Input material:
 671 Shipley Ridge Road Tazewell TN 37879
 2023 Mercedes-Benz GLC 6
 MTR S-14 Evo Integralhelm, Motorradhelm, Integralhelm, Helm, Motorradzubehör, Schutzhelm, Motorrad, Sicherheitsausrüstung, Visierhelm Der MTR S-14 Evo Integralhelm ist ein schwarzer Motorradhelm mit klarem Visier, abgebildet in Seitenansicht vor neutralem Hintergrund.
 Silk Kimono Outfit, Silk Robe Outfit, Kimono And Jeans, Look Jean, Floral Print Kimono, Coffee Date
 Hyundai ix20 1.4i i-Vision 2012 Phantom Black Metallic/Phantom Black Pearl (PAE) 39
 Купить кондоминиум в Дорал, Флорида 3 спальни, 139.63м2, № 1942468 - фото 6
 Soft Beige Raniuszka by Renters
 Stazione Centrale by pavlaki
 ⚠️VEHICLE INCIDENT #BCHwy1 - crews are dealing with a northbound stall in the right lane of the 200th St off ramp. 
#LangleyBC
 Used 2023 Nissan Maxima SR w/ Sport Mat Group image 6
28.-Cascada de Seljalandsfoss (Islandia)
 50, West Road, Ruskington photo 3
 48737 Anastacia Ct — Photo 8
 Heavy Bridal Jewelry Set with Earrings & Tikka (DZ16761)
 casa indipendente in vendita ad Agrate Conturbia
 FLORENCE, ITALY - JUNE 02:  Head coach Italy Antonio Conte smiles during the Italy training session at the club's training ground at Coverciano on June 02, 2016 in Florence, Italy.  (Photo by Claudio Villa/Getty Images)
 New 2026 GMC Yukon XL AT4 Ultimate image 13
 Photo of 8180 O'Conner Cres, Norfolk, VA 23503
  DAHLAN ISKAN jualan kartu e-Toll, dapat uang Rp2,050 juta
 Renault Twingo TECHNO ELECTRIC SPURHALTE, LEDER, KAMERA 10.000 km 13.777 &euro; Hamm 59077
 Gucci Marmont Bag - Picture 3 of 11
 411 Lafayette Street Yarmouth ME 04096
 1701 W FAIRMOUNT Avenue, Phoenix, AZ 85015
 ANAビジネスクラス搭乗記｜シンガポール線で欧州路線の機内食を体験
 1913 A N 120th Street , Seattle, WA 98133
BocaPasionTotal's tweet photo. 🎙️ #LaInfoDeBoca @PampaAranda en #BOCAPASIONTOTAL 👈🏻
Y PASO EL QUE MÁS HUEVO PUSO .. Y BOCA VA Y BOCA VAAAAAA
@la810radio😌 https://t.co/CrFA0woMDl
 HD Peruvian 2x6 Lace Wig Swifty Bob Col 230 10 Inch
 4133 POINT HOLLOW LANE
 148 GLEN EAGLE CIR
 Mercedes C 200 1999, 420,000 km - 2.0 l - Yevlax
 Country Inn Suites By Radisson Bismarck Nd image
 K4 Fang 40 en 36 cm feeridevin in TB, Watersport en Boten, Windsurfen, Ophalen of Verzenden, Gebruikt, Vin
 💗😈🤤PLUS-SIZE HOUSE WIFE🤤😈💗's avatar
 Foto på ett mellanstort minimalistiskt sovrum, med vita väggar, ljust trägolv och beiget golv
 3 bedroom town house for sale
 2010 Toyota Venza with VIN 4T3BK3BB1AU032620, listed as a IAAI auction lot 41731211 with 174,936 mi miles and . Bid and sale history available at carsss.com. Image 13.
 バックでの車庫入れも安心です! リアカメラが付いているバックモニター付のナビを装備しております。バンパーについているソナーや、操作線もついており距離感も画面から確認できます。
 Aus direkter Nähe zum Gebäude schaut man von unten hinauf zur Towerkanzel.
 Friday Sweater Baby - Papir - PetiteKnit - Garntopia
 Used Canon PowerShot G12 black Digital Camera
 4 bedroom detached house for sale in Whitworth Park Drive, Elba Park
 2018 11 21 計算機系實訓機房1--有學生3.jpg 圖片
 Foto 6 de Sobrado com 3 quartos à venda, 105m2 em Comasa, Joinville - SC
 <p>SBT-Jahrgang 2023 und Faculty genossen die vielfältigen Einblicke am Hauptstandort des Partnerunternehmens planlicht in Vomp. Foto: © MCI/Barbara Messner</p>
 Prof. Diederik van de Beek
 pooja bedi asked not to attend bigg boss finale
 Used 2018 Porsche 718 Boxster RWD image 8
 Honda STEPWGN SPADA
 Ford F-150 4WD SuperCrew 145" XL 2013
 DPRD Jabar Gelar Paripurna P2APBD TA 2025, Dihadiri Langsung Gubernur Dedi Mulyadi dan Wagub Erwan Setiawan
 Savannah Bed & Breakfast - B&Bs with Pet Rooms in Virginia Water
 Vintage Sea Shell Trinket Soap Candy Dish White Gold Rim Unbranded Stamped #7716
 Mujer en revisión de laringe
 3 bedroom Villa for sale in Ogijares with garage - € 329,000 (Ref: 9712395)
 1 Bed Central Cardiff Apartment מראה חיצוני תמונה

What needs to be done:
Produce the entries again, character for character.

Written answer:
 671 Shipley Ridge Road Tazewell TN 37879
 2023 Mercedes-Benz GLC 6
 MTR S-14 Evo Integralhelm, Motorradhelm, Integralhelm, Helm, Motorradzubehör, Schutzhelm, Motorrad, Sicherheitsausrüstung, Visierhelm Der MTR S-14 Evo Integralhelm ist ein schwarzer Motorradhelm mit klarem Visier, abgebildet in Seitenansicht vor neutralem Hintergrund.
 Silk Kimono Outfit, Silk Robe Outfit, Kimono And Jeans, Look Jean, Floral Print Kimono, Coffee Date
 Hyundai ix20 1.4i i-Vision 2012 Phantom Black Metallic/Phantom Black Pearl (PAE) 39
 Купить кондоминиум в Дорал, Флорида 3 спальни, 139.63м2, № 1942468 - фото 6
 Soft Beige Raniuszka by Renters
 Stazione Centrale by pavlaki
 ⚠️VEHICLE INCIDENT #BCHwy1 - crews are dealing with a northbound stall in the right lane of the 200th St off ramp. 
#LangleyBC
 Used 2023 Nissan Maxima SR w/ Sport Mat Group image 6
28.-Cascada de Seljalandsfoss (Islandia)
 50, West Road, Ruskington photo 3
 48737 Anastacia Ct — Photo 8
 Heavy Bridal Jewelry Set with Earrings & Tikka (DZ16761)
 casa indipendente in vendita ad Agrate Conturbia
 FLORENCE, ITALY - JUNE 02:  Head coach Italy Antonio Conte smiles during the Italy training session at the club's training ground at Coverciano on June 02, 2016 in Florence, Italy.  (Photo by Claudio Villa/Getty Images)
 New 2026 GMC Yukon XL AT4 Ultimate image 13
 Photo of 8180 O'Conner Cres, Norfolk, VA 23503
  DAHLAN ISKAN jualan kartu e-Toll, dapat uang Rp2,050 juta
 Renault Twingo TECHNO ELECTRIC SPURHALTE, LEDER, KAMERA 10.000 km 13.777 &euro; Hamm 59077
 Gucci Marmont Bag - Picture 3 of 11
 411 Lafayette Street Yarmouth ME 04096
 1701 W FAIRMOUNT Avenue, Phoenix, AZ 85015
 ANAビジネスクラス搭乗記｜シンガポール線で欧州路線の機内食を体験
 1913 A N 120th Street , Seattle, WA 98133
BocaPasionTotal's tweet photo. 🎙️ #LaInfoDeBoca @PampaAranda en #BOCAPASIONTOTAL 👈🏻
Y PASO EL QUE MÁS HUEVO PUSO .. Y BOCA VA Y BOCA VAAAAAA
@la810radio😌 https://t.co/CrFA0woMDl
 HD Peruvian 2x6 Lace Wig Swifty Bob Col 230 10 Inch
 4133 POINT HOLLOW LANE
 148 GLEN EAGLE CIR
 Mercedes C 200 1999, 420,000 km - 2.0 l - Yevlax
 Country Inn Suites By Radisson Bismarck Nd image
 K4 Fang 40 en 36 cm feeridevin in TB, Watersport en Boten, Windsurfen, Ophalen of Verzenden, Gebruikt, Vin
 💗😈🤤PLUS-SIZE HOUSE WIFE🤤😈💗's avatar
 Foto på ett mellanstort minimalistiskt sovrum, med vita väggar, ljust trägolv och beiget golv
 3 bedroom town house for sale
 2010 Toyota Venza with VIN 4T3BK3BB1AU032620, listed as a IAAI auction lot 41731211 with 174,936 mi miles and . Bid and sale history available at carsss.com. Image 13.
 バックでの車庫入れも安心です! リアカメラが付いているバックモニター付のナビを装備しております。バンパーについているソナーや、操作線もついており距離感も画面から確認できます。
 Aus direkter Nähe zum Gebäude schaut man von unten hinauf zur Towerkanzel.
 Friday Sweater Baby - Papir - PetiteKnit - Garntopia
 Used Canon PowerShot G12 black Digital Camera
 4 bedroom detached house for sale in Whitworth Park Drive, Elba Park
 2018 11 21 計算機系實訓機房1--有學生3.jpg 圖片
 Foto 6 de Sobrado com 3 quartos à venda, 105m2 em Comasa, Joinville - SC
 <p>SBT-Jahrgang 2023 und Faculty genossen die vielfältigen Einblicke am Hauptstandort des Partnerunternehmens planlicht in Vomp. Foto: © MCI/Barbara Messner</p>
 Prof. Diederik van de Beek
 pooja bedi asked not to attend bigg boss finale
 Used 2018 Porsche 718 Boxster RWD image 8
 Honda STEPWGN SPADA
 Ford F-150 4WD SuperCrew 145" XL 2013
 DPRD Jabar Gelar Paripurna P2APBD TA 2025, Dihadiri Langsung Gubernur Dedi Mulyadi dan Wagub Erwan Setiawan
 Savannah Bed & Breakfast - B&Bs with Pet Rooms in Virginia Water
 Vintage Sea Shell Trinket Soap Candy Dish White Gold Rim Unbranded Stamped #7716
 Mujer en revisión de laringe
 3 bedroom Villa for sale in Ogijares with garage - € 329,000 (Ref: 9712395)
 1 Bed Central Cardiff Apartment מראה חיצוני תמונה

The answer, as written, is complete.